All such Units shall, upon their cancellation, become authorized but unissued
Units of Preferred Stock and may be reissued as part of a new series of
Preferred Stock to be created by resolution or resolutions of the Board of
Directors, subject to the conditions and restrictions on issuance set forth
herein.

                  Section 6. Liquidation, Dissolution or Winding Up. (A) Upon
any voluntary or involuntary liquidation, dissolution or winding up of the
Corporation, no distribution shall be made (i) to the holders of shares of
junior stock unless the holders of Units of Series A Preferred Stock shall have
received, subject to adjustment as hereinafter provided in paragraph (B), the
greater of either (a) $.01 per Unit plus an amount equal to accrued and unpaid
dividends and distributions thereon, whether or not earned or declared, to the
date of such payment, or (b) the amount equal to the aggregate per share amount
to be distributed to holders of shares of Common Stock, or (ii) to the holders
of shares of parity stock, unless simultaneously therewith distributions are
made ratably on Units of Series A Preferred Stock and all other shares of such
parity stock in proportion to the total amounts to which the holders of Units of
Series A Preferred Stock are entitled under clause (i)(a) of this sentence and
to which the holders of shares of such parity stock are entitled, in each case
upon such liquidation, dissolution or winding up.

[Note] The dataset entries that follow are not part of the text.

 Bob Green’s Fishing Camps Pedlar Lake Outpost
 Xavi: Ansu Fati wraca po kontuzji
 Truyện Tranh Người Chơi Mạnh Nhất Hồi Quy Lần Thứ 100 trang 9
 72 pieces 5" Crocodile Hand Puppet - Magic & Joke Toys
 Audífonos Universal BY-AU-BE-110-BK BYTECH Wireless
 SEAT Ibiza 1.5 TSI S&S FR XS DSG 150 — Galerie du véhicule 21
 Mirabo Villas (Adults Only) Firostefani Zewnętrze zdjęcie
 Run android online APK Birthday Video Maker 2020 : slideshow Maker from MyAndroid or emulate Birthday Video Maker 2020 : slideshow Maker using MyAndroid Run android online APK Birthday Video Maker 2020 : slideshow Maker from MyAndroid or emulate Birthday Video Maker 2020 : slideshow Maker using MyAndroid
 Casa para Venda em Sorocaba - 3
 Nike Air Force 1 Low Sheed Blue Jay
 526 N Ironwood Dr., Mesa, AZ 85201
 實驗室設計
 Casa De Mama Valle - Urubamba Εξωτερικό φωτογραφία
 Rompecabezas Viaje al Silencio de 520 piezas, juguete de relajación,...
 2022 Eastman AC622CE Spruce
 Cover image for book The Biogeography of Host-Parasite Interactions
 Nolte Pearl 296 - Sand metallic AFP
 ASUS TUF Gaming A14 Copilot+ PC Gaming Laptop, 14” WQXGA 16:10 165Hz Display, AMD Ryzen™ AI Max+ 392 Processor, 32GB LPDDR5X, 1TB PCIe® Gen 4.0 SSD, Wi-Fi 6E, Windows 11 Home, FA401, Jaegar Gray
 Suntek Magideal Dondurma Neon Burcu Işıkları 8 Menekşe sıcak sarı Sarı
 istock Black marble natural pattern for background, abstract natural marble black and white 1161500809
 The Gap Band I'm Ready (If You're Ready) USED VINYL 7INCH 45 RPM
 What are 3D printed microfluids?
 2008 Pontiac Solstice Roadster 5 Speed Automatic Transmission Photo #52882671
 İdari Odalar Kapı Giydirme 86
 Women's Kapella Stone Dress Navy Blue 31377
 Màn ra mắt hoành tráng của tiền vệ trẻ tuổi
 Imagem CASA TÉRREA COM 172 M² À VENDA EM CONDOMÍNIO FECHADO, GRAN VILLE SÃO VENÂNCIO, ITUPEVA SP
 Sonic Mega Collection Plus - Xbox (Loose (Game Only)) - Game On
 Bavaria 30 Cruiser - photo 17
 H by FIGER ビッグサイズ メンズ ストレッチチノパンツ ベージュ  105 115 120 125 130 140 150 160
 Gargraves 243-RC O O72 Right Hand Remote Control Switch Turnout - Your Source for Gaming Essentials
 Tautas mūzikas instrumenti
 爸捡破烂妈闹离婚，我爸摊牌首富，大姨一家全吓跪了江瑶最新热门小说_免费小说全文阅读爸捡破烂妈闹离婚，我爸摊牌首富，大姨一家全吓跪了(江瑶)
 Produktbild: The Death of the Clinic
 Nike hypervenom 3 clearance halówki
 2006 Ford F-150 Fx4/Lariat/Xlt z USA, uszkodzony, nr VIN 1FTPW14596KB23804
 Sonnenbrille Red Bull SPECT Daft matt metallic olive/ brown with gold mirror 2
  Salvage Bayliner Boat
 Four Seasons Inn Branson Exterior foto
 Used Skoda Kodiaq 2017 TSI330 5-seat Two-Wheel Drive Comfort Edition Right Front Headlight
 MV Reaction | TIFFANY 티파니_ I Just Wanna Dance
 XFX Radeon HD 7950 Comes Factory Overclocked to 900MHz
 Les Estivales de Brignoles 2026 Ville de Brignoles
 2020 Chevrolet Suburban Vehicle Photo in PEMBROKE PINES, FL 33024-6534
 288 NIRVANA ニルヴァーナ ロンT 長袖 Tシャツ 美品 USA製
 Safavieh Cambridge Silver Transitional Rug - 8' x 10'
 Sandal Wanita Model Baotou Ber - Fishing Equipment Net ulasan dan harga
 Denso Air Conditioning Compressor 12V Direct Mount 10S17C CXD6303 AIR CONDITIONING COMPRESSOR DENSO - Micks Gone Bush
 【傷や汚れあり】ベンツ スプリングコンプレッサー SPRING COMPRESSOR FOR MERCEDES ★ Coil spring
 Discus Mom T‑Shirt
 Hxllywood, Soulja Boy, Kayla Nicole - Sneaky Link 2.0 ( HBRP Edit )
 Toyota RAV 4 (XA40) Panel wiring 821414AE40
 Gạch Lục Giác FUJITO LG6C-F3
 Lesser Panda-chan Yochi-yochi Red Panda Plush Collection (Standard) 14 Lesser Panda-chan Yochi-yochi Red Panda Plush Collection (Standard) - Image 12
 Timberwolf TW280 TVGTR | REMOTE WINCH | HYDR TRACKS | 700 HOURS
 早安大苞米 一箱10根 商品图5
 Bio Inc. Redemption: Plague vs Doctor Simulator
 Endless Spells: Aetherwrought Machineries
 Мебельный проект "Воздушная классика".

                  (B) In the event the Corporation shall at any time after the
Rights Declaration Date (i) declare any dividend on outstanding shares of Common
Stock payable in shares of Common Stock, (ii) subdivide outstanding shares of
Common Stock, or (iii) combine outstanding shares of Common Stock into a smaller
number of shares, then in each such case the aggregate amount to which holders
of Units of Series A Preferred Stock were entitled immediately prior to such
event pursuant to clause (i)(b) of paragraph (A) of this Section 6 shall be
adjusted by multiplying such amount by a fraction the numerator of which shall
be the number of shares of Common Stock that are outstanding immediately after
such event and the denominator of which shall be the number of shares of Common
Stock that were outstanding immediately prior to such event.

                  Section 7. Consolidation, Merger, etc. In case the Corporation
shall enter into any consolidation, merger, combination or other transaction in
which the shares of Common Stock are exchanged for or converted into other stock
or securities, cash and/or any other property, then in any such case Units of
Series A Preferred Stock shall at the same time be similarly exchanged for or
converted into an amount per Unit (subject to the provision for adjustment
hereinafter set forth) equal to the aggregate amount of stock, securities, cash
and/or any other property (payable in kind), as the case may be, into which or
for which each share of Common Stock is converted or exchanged. In the event the
Corporation shall at any time after the Rights Declaration Date (i) declare any
dividend on outstanding shares of Common Stock payable in shares of Common
Stock, (ii) subdivide outstanding shares of



<PAGE>

                                        7

Common Stock, or (iii) combine outstanding Common Stock into a smaller number of
shares, then in each such case the amount set forth in the immediately preceding
sentence with respect to the exchange or conversion of Units of Series A
Preferred Stock shall be adjusted by multiplying such amount by a fraction the
numerator of which shall be the number of shares of Common Stock that are
outstanding immediately after such event and the denominator of which shall be
the number of shares of Common Stock that were outstanding immediately prior to
such event.

                  Section 8. Redemption. The Units of Series A Preferred Stock
shall not be redeemable.

                  Section 9. Ranking. The Units of Series A Preferred Stock
shall rank junior to all other series of the Preferred Stock and to any other
class of preferred stock that hereafter may be issued by the Corporation as to
the payment of dividends and the distribution of assets, unless the terms of any
such series or class shall provide otherwise.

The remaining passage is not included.